6 Steps to Run Your Small Business Like a Big Business

Allie Johnson

One reason some small businesses fail is that new entrepreneurs can get so excited about the creative side of the enterprise that they neglect some of the basics of setting up and running a business.

If you started your small business basically by the seat of your pants, it’s time to make it official. Here are six steps any serious business owner should take:

1. Get Business Insurance

It’s essential to obtain business insurance to protect your small business from risks, including property damage, theft, and liability. Business insurance Helps protects your property — from your building to your computers and office furniture — from storms, fires, and other disasters that can damage your business. Business insurance also helps cover you if you get sued — for example, if a customer trips and falls while visiting your shop.

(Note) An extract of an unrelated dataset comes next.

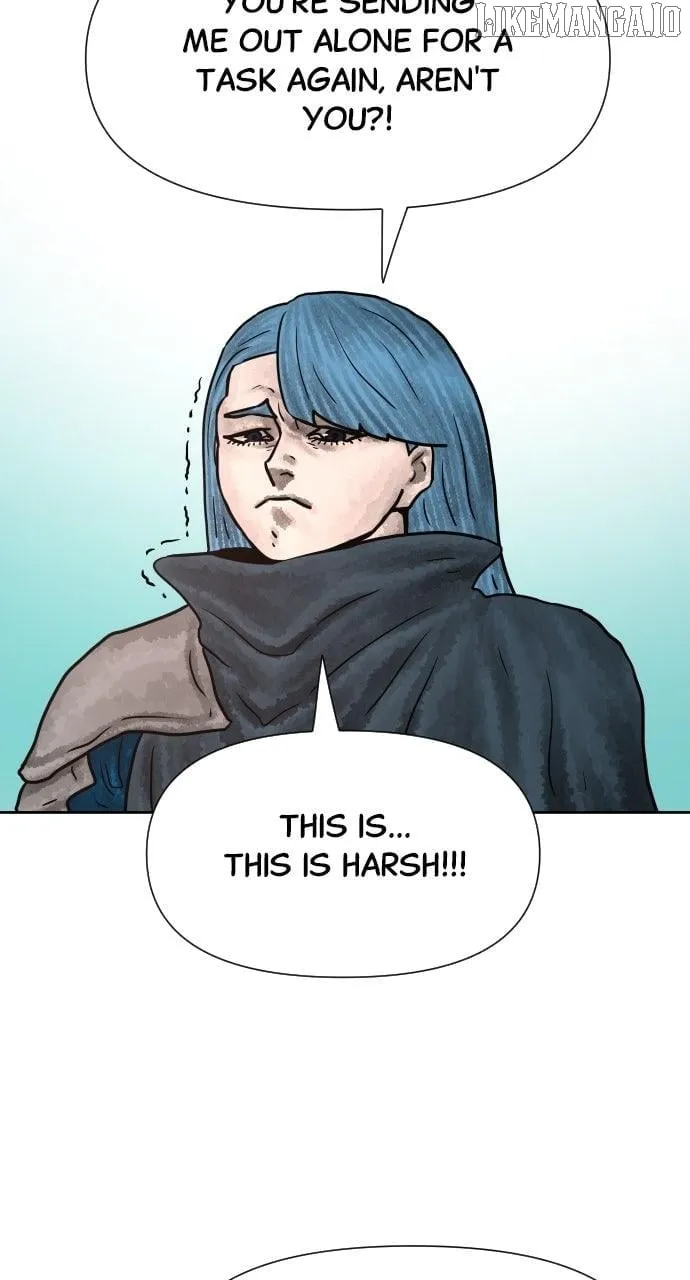 Warrior Executioner Chapter 157 page 65 -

Your coverage also should include lost income insurance, which reimburses you if your business has to shut down temporarily due to a fire, storm, or other covered situation. Being properly covered also could prevent you from losing out on new business, says David Waring, co-founder of FitSmallBusiness.com. “If your small business does business with larger corporations, they will often request proof of insurance,” he says.

2. Open a Business Bank Account

Opening a business checking account can help you keep your business funds separate from your personal money. It’s also essential to get a small business credit card or to keep a separate personal card just for business use, Waring says.

Failing to keep business and personal funds separate “creates a nightmare at tax time,” Waring says, noting that you’ll have to spend hours combing through your personal bank statements to try to pick out business expenses and income.

A clean separation of business funds also can save time, headaches, and financial costs if you ever face an IRS audit. And, if you have a money-making enterprise that some people treat as a hobby — for example, jewelry making or photography — establishing a separate bank account can show the IRS you mean business.

3. Request a Tax ID Number

If you’re a sole proprietor, the IRS might not require you to have an Employer Identification Number (EIN), also known as a federal tax ID number. In fact, some sole proprietors use their own Social Security numbers on business forms for years. But getting an EIN takes seconds and can instantly up your professionalism.

Procuring an EIN from the IRS also helps to protect you from business identity theft by shielding your personal SSN from too many prying eyes. While a thief could steal your EIN, they could not use it to harm your personal credit.

4. Implement the Right Business Structure

It’s important to get advice from multiple sources and, if you have any question about the correct structure, seek counsel from an attorney who understands your type of business.

The structure you choose will affect the type of taxes you pay, how many people can own the company and whether you as the owner can be held personally liable for the debts and obligations of the business. That’s why it pays to choose your structure wisely. Here are four examples of common business structures:

  • Sole proprietor — A sole proprietorship is the simplest structure for a solo small business owner. The main downside is that the owner’s business and personal assets mix.
  • Partnership — A partnership is a structure that allows two people to run a business together. The amount of liability of each partner is determined by the setup of the partnership.
  • Limited liability company (LLC) — An LLC allows the owner to separate personal and business assets without the complexity of a corporation.
  • Corporation — There are different types of corporations designated by letters (S, B and C, for example) with different rules and requirements. Generally, a corporation offers the most protection from liability but also involves more administrative headaches and cost than other structures.

If you are a sole proprietor, you may want to consider making your business an LLC to shield your personal assets from liability, Waring recommends. “With a service like LegalZoom, you can do this online for a few hundred bucks,” he says.

5. Hire an Accountant

Some small business owners start out crunching numbers on spreadsheets, but switching to an accountant — sooner rather than later — can improve your productivity and professionalism. An accountant can save you hours each week and lots of frustration. Instead of pulling your hair out over a math mistake, you can use your day more efficiently, focusing on revenue-generating activities and the big picture of your business.

It took Charlotte O’Hara, owner of web design and development firm Charlotte O’Hara Designs, over a year to hire an accountant. “I held off on hiring an accountant because, at first, I naively thought it wouldn’t be that hard to keep track of my earnings and expenses and that I could DIY it all,” O’Hara says. “I was so busy focusing on growing my business that I wasn’t focused on the administrative side of things.”

Recently, she hired an accountant to do her business taxes and she plans to continue to get accounting help on an as-needed basis. “It’s worth the expense because you end up pocketing more money come tax time,” she says.

6. Procure Official Stamps of Approval

If your industry requires any type of certification or licensing, don’t delay. Requirements vary from state to state, so find out if a business license is required in your state for your type of business.

Getting the proper credentialing not only keeps you on the right side of the law, but also shows prospective clients and customers that you’re conscientious, and sets you apart from the hobbyists and part-timers, much as getting business insurance does. For example, many homeowners look to hire a licensed, bonded, and insured contractor rather than an unlicensed handyman.

Following these steps as soon as possible after starting your business can help you operate more professionally, stand out from competitors, and pave your way to success. “If you set these things up correctly from the beginning, it will save you time, hassle, and headaches down the road,” Waring says.